Five things you need to know about the Final Four-bound UW women
If you haven’t already, it’s time to jump on the bandwagon of the University of Washington women’s basketball team. Besides advancing to the Final Four for the first time in the program’s history, the Huskies are underdogs featuring a number of unique storylines for a relatively championship-starved state.
The seventh-seeded Huskies continued their string of upsets by dropping No. 4 seed and Pac-12 rival Stanford, 85-76 . The team has the week until Sunday to prepare for Syracuse, which beat UW during the regular season, 66-62.
Here are five things to know about the Huskies leading up to the matchup in Indianapolis:
1. On top of being the program’s first ever Final Four appearance, UW had only been in the NCAA tournament once since 2007 (last season, when the Huskies were bounced in the first round). The UW women hadn’t advanced passed the second round since 2001. To put this in further perspective, the only appearance in the Final Four for the Washington men’s team came in 1953.
2. The Huskies managed the unenviable task of winning the equivalent of two road games during their improbable tournament run. After beating Penn in the first round, they upset fifth-ranked Maryland in College Park, Md. They then flew back to Seattle for less than 24 hours and beat third-seeded Kentucky in Lexington, Ky.
3. Inspiration for the Huskies stands at the core of the squad. Junior Katie Collier was diagnosed with leukemia while in high school in September of 2011. She returned to the court three months after her diagnosis and underwent daily chemotherapy. After being declared cancer-free in 2012, the Covington native tore her ACL and MCL in her first practice with the Huskies. This season, her first as a starter, she led the team in blocked shots while ranking fourth in scoring and third in rebounds.

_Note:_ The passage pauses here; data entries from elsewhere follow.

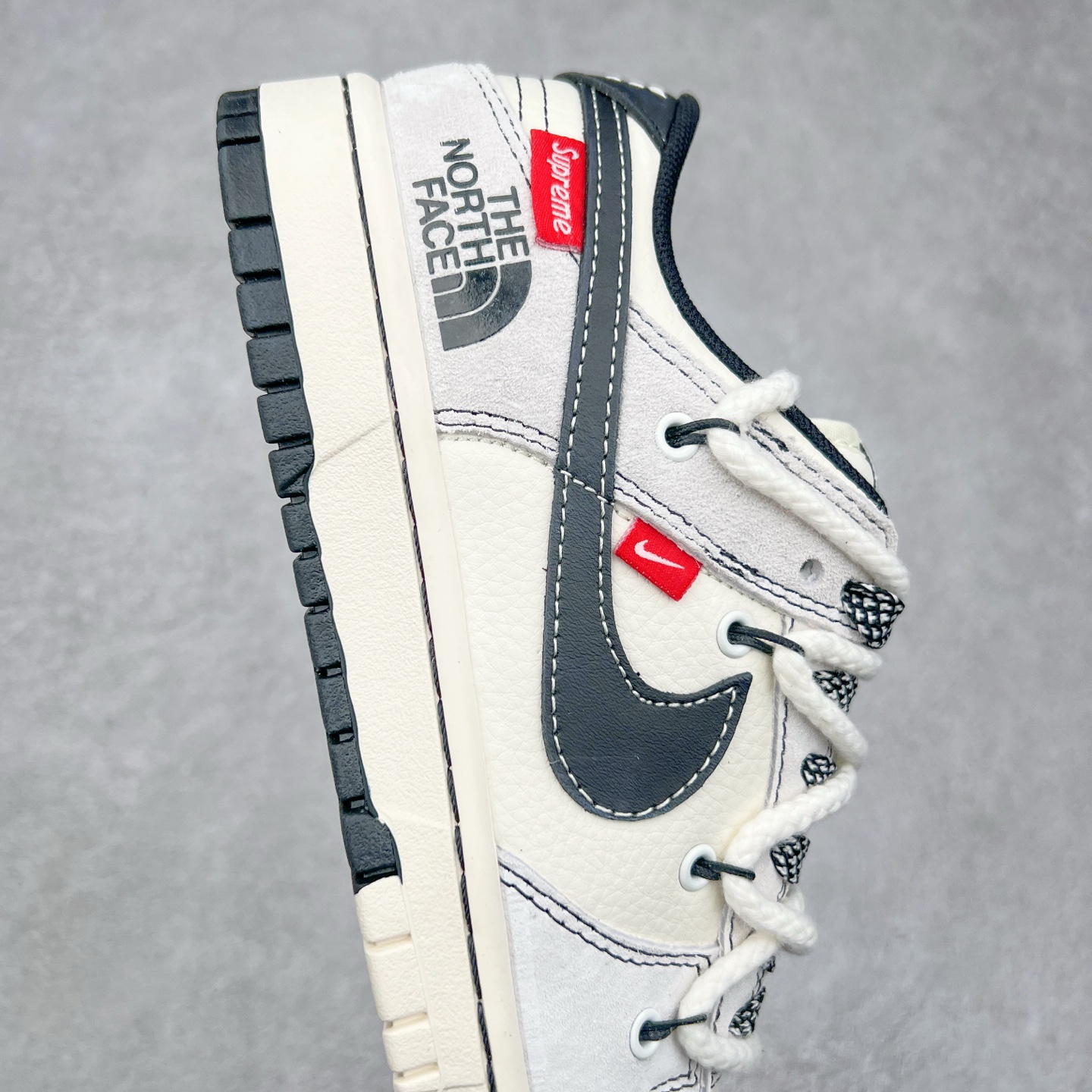 图片[6]-NK Dunk Low 定制配色 YX5066-231 大厂出品 极力推荐 原装头层材料 独家版型蒸餾加工帶來的是更好的视觉和脚感体验大厂纯原品质出货 清洁度 电绣工艺 皮料切割干净无任何毛边 细节完美 实拍调校N版已经零色差零失真 百分百还原实物色彩所见即所得 不存在货不对板色差等低级问题 选购参考实物拍摄 不混卖不参货 只用心做好货严格选品 承诺混一赔十 尺码：36 36.5 37.5 38 38.5 39 40 40.5 41 42 42.5 43 44 44.5 45-选品中心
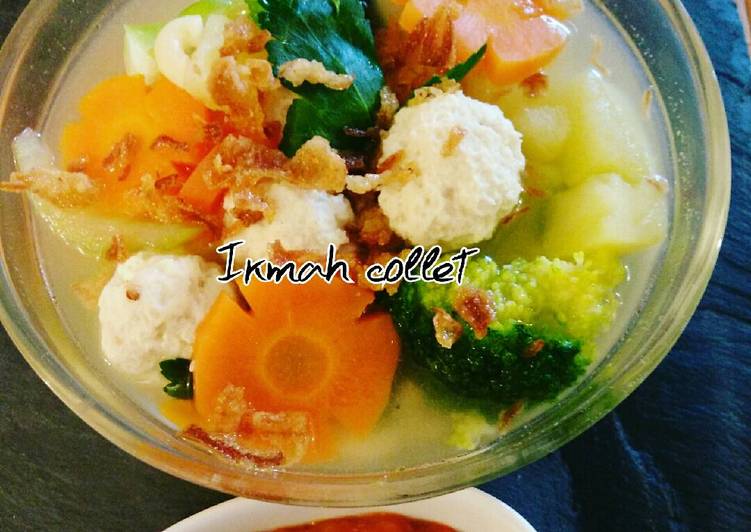 Sup sayuran bola2 ayam�?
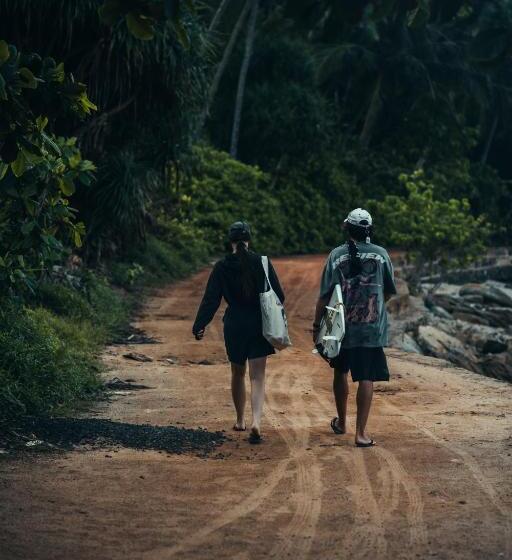 ホテル The Yard Hiriketiya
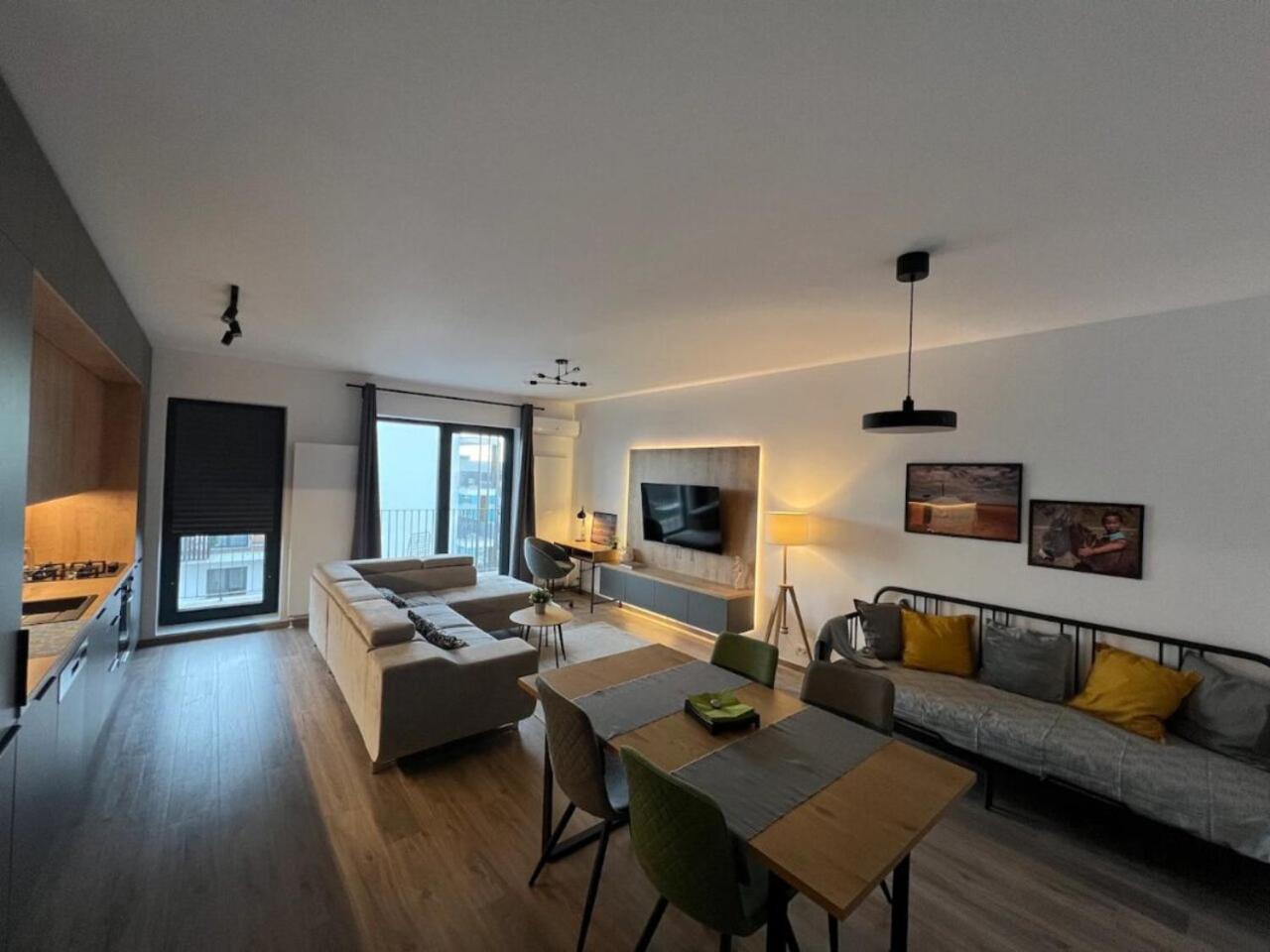 High-Rise Luxury Apartment With Free Parking Bukareszt Zewnętrze zdjęcie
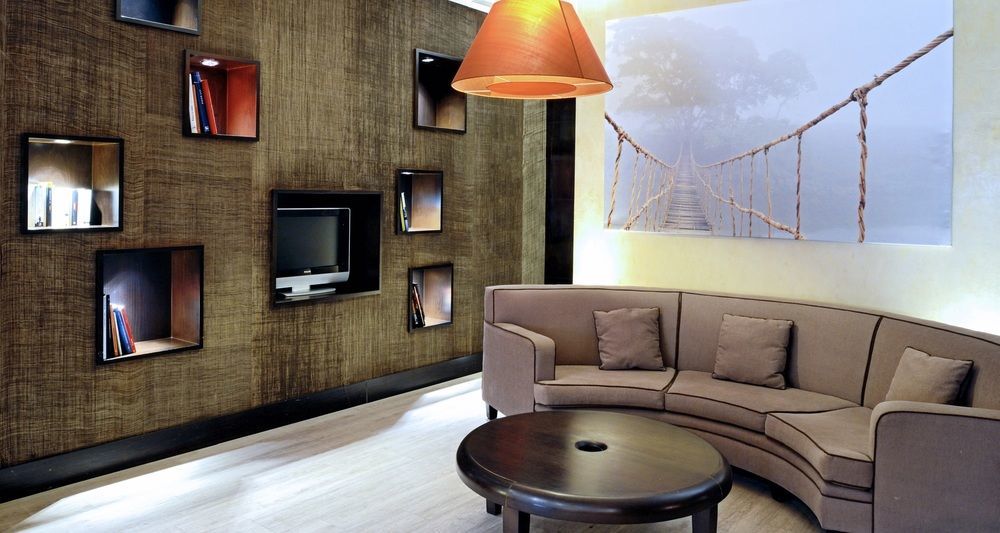 Hotel Nh Balboa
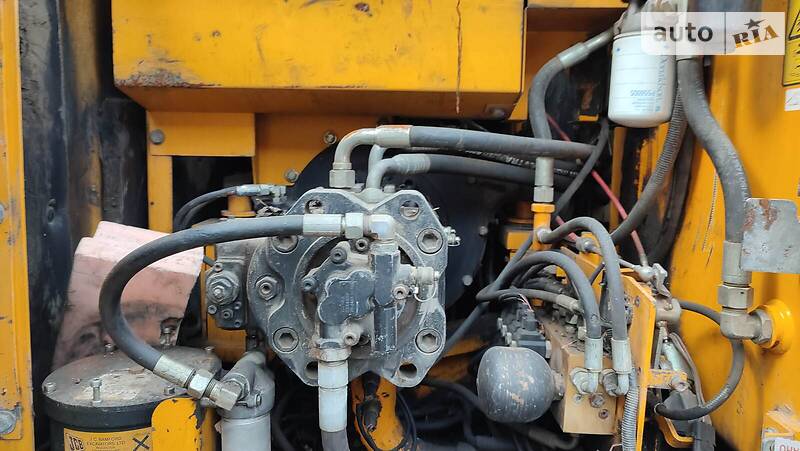 Гусеничный экскаватор JCB JS 220 2006 в Киеве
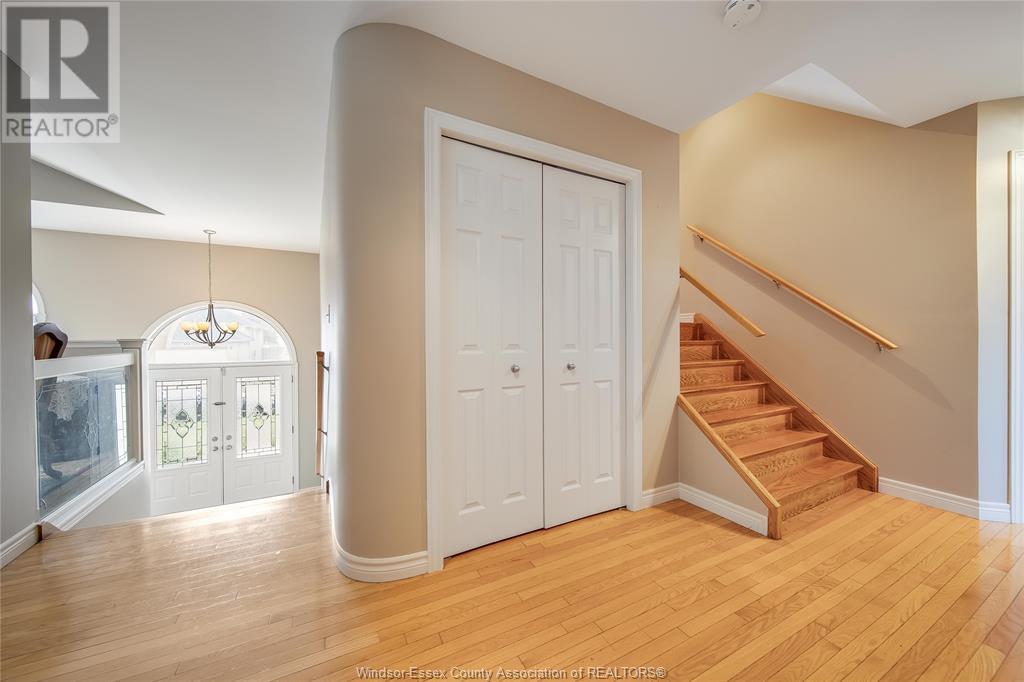 Photo 7 of 160 Branton Crescent, Tecumseh ON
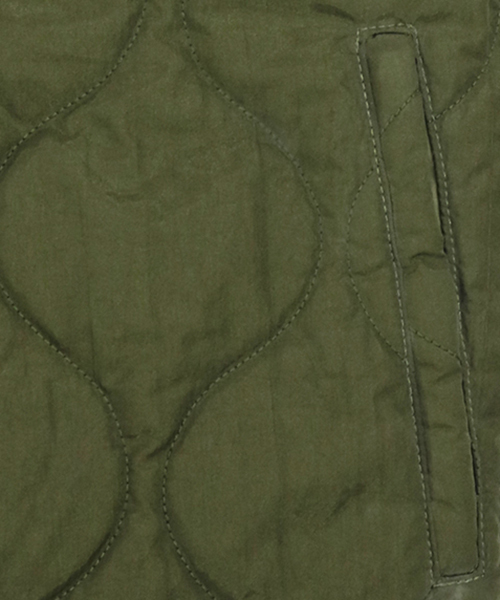 ACCOMMODE（アコモデ）の「WEB限定 キルティングボアトート（トートバッグ・レディース・ダークグリーン・FREE）」の5枚目の写真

4. At No. 7, UW is the lowest-seeded women’s team to reach the Final Four since 2004. Finishing fifth in the Pac-12, the Huskies are also only the second team ever to reach this point of the tournament after finishing the season unranked. But that’s not to say the wins have been fluky, seeing as UW won all four of its tournament games by at least nine points.
5. Guard Kelsey Plum is one of the most dynamic players in the NCAA, and in Brock Huard’s view, the “best player in the history of Washington women’s basketball.” The junior averaged more than 26 points per game while leading the team with 151 assists. Meanwhile, Chantel Osahor – described by Huard as the Marshawn Lynch to Plum’s Russell Wilson – dominated against Stanford, grabbing 18 rebounds to go along with 24 points.